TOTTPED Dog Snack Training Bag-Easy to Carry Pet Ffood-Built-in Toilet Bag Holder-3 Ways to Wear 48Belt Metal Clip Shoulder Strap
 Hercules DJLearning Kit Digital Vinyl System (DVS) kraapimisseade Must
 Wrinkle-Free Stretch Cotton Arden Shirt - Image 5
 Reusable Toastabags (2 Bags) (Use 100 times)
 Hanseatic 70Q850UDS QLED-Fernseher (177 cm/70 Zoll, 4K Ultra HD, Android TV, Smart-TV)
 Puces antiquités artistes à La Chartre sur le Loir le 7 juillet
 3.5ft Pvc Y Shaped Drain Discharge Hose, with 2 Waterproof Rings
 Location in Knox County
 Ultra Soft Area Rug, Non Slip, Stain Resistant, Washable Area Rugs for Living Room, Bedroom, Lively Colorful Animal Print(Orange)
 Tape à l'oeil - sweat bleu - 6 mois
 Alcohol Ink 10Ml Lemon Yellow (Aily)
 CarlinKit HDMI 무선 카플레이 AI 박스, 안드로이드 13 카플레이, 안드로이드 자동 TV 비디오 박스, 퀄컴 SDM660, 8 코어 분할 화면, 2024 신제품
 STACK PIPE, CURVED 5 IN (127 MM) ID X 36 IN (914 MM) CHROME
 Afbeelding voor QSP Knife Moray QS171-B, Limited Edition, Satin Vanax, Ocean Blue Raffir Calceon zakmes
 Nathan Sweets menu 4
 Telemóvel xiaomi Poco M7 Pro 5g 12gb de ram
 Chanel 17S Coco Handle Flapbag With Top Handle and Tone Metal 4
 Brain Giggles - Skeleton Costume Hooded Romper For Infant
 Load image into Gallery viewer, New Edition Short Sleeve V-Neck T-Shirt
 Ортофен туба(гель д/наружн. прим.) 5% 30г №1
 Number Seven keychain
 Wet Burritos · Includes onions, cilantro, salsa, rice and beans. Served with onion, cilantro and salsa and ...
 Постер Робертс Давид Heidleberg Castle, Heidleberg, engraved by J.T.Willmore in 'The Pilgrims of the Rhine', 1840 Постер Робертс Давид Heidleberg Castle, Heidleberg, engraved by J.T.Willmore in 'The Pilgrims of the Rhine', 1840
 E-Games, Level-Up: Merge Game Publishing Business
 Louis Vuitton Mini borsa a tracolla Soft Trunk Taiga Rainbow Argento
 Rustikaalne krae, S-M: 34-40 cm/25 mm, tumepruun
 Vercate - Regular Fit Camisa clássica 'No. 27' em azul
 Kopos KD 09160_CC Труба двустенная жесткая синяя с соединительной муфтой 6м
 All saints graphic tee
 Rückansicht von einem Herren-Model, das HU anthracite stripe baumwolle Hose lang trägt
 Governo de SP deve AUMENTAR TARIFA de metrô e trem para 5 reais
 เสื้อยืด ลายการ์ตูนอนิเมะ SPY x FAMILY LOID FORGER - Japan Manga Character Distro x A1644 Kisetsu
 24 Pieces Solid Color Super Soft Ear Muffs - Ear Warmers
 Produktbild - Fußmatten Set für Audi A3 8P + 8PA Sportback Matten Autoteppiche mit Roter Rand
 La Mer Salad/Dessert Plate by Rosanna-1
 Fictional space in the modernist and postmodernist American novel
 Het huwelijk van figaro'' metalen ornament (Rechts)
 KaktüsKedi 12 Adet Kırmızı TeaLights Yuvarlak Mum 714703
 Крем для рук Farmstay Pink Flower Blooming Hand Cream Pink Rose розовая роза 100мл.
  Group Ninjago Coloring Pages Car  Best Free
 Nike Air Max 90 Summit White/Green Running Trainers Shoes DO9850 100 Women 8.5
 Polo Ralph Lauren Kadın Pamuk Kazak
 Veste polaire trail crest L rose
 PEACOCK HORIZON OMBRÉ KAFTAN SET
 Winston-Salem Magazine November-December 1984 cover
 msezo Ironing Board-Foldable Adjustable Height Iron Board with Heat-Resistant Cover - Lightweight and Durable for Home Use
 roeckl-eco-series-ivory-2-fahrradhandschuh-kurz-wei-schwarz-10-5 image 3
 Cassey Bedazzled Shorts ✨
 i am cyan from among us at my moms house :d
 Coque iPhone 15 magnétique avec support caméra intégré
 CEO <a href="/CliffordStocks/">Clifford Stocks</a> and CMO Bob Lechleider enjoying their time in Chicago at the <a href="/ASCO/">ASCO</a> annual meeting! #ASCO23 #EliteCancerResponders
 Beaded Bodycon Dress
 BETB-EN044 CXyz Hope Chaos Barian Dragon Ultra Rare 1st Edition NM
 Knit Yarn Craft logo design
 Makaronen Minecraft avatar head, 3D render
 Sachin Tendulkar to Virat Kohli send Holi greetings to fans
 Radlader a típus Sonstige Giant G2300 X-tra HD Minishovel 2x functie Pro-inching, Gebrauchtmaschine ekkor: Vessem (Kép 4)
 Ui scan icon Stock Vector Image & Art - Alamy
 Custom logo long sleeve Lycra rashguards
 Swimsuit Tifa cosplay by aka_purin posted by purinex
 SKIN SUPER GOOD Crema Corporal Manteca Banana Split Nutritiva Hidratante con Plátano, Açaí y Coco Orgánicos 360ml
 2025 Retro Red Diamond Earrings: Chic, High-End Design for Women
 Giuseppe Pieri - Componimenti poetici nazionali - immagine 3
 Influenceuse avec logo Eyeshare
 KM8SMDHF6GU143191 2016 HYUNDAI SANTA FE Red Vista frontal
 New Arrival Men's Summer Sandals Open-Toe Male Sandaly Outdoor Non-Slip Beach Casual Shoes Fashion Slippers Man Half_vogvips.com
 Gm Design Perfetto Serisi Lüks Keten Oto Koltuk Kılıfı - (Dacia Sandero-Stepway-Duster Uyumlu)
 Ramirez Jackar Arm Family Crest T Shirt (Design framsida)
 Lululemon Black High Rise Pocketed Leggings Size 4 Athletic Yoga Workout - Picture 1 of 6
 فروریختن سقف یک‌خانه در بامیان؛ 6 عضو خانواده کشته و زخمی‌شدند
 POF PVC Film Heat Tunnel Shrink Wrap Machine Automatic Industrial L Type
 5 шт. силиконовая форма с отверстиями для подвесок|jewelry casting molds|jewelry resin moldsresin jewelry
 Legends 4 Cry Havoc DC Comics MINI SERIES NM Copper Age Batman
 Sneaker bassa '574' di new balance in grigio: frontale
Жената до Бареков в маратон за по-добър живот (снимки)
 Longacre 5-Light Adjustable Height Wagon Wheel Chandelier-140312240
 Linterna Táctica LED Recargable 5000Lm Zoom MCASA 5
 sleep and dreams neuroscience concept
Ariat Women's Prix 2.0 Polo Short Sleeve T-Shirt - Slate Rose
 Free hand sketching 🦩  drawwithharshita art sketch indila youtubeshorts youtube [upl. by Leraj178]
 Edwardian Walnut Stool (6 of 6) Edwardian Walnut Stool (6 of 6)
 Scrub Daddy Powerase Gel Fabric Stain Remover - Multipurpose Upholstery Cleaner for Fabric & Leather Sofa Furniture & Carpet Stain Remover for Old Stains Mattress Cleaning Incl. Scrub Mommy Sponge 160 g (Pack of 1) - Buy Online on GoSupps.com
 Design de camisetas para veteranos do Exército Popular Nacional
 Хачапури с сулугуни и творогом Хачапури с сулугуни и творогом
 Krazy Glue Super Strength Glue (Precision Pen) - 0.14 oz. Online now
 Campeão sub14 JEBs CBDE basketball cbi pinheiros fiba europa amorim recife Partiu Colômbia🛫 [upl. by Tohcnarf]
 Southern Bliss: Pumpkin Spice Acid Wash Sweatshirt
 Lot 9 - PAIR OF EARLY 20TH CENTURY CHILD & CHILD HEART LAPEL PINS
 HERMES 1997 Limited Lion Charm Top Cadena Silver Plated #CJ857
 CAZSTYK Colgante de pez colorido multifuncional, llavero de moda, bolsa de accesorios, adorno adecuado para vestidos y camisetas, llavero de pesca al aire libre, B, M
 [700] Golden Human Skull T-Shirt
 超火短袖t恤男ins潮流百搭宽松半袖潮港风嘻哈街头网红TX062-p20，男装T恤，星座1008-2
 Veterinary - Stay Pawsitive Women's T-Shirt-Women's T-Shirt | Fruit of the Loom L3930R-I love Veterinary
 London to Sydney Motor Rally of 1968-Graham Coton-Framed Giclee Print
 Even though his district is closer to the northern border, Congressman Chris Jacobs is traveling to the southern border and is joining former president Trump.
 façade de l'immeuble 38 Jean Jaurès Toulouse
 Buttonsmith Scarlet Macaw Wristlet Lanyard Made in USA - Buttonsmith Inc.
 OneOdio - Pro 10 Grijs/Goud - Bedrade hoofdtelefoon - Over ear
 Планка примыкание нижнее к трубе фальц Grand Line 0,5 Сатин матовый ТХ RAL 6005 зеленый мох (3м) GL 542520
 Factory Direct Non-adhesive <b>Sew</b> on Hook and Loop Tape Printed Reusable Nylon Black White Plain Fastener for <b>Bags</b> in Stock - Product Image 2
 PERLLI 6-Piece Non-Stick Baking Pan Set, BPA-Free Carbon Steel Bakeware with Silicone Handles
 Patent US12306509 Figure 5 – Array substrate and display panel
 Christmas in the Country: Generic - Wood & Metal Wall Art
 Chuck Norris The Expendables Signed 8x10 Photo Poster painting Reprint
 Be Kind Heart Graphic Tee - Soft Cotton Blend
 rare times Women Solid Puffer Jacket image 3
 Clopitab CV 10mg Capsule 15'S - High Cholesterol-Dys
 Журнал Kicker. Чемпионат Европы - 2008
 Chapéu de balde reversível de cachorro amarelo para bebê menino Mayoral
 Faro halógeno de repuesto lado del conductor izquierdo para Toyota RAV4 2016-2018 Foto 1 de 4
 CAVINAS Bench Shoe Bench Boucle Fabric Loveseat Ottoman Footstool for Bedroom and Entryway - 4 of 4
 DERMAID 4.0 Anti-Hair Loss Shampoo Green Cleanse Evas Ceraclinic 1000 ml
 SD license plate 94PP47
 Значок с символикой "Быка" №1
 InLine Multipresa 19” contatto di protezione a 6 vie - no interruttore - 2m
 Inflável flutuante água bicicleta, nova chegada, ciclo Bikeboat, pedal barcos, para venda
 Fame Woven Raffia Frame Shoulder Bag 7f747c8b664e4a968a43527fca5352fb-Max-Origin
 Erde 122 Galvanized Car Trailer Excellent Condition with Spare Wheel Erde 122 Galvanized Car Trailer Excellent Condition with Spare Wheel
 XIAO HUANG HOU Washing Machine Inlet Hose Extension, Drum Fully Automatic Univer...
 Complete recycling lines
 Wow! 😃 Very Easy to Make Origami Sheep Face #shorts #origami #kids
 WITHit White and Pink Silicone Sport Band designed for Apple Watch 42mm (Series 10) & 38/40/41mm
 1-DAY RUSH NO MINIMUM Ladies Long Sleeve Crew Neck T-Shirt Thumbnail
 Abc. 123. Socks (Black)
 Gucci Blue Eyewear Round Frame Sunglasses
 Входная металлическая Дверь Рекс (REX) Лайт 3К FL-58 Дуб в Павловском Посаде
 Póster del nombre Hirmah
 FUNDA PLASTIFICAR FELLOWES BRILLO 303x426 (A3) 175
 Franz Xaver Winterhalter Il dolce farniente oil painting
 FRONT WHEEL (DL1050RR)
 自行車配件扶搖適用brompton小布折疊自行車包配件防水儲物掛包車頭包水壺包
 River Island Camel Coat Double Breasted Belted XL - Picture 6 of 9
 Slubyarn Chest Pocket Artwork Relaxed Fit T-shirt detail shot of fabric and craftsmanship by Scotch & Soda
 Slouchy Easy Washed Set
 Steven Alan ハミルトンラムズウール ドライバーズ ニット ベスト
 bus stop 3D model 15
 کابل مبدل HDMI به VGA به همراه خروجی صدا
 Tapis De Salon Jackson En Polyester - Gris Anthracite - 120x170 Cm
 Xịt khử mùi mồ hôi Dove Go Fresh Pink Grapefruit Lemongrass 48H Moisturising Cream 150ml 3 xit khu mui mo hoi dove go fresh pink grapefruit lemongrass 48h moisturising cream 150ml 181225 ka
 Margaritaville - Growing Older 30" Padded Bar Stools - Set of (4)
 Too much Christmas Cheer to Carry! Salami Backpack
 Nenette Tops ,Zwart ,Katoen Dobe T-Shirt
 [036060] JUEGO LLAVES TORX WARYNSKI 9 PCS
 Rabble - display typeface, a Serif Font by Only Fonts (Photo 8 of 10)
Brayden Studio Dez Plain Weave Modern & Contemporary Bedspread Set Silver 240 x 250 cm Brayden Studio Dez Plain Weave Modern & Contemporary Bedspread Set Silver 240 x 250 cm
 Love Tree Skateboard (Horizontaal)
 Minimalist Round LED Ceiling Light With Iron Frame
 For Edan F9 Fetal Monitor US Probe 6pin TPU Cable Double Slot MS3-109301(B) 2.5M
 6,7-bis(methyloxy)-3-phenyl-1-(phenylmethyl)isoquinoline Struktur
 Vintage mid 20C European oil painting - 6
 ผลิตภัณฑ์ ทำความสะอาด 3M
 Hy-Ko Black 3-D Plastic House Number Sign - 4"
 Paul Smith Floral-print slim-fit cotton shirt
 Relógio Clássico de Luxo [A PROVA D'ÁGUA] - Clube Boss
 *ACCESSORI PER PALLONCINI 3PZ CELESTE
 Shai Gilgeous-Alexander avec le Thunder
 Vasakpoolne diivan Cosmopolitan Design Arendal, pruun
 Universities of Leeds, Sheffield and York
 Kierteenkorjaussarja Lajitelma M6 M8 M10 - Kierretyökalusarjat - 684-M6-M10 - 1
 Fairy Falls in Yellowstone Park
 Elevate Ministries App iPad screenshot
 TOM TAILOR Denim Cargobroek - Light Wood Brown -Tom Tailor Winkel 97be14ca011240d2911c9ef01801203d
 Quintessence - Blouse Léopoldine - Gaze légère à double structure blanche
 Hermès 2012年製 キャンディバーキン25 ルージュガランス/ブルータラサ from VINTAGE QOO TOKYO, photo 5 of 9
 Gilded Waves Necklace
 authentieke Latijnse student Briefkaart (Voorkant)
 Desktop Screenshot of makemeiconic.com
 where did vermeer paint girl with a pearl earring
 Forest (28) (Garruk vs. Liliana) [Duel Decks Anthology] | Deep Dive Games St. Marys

==========

§ **Problem description**: Output the lines above exactly, but only those between the line holding "Ramirez Jackar Arm" and the line holding "Krazy Glue Super", inclusive.

§ **Result**:
 Ramirez Jackar Arm Family Crest T Shirt (Design framsida)
 Lululemon Black High Rise Pocketed Leggings Size 4 Athletic Yoga Workout - Picture 1 of 6
 فروریختن سقف یک‌خانه در بامیان؛ 6 عضو خانواده کشته و زخمی‌شدند
 POF PVC Film Heat Tunnel Shrink Wrap Machine Automatic Industrial L Type
 5 шт. силиконовая форма с отверстиями для подвесок|jewelry casting molds|jewelry resin moldsresin jewelry
 Legends 4 Cry Havoc DC Comics MINI SERIES NM Copper Age Batman
 Sneaker bassa '574' di new balance in grigio: frontale
Жената до Бареков в маратон за по-добър живот (снимки)
 Longacre 5-Light Adjustable Height Wagon Wheel Chandelier-140312240
 Linterna Táctica LED Recargable 5000Lm Zoom MCASA 5
 sleep and dreams neuroscience concept
Ariat Women's Prix 2.0 Polo Short Sleeve T-Shirt - Slate Rose
 Free hand sketching 🦩  drawwithharshita art sketch indila youtubeshorts youtube [upl. by Leraj178]
 Edwardian Walnut Stool (6 of 6) Edwardian Walnut Stool (6 of 6)
 Scrub Daddy Powerase Gel Fabric Stain Remover - Multipurpose Upholstery Cleaner for Fabric & Leather Sofa Furniture & Carpet Stain Remover for Old Stains Mattress Cleaning Incl. Scrub Mommy Sponge 160 g (Pack of 1) - Buy Online on GoSupps.com
 Design de camisetas para veteranos do Exército Popular Nacional
 Хачапури с сулугуни и творогом Хачапури с сулугуни и творогом
 Krazy Glue Super Strength Glue (Precision Pen) - 0.14 oz. Online now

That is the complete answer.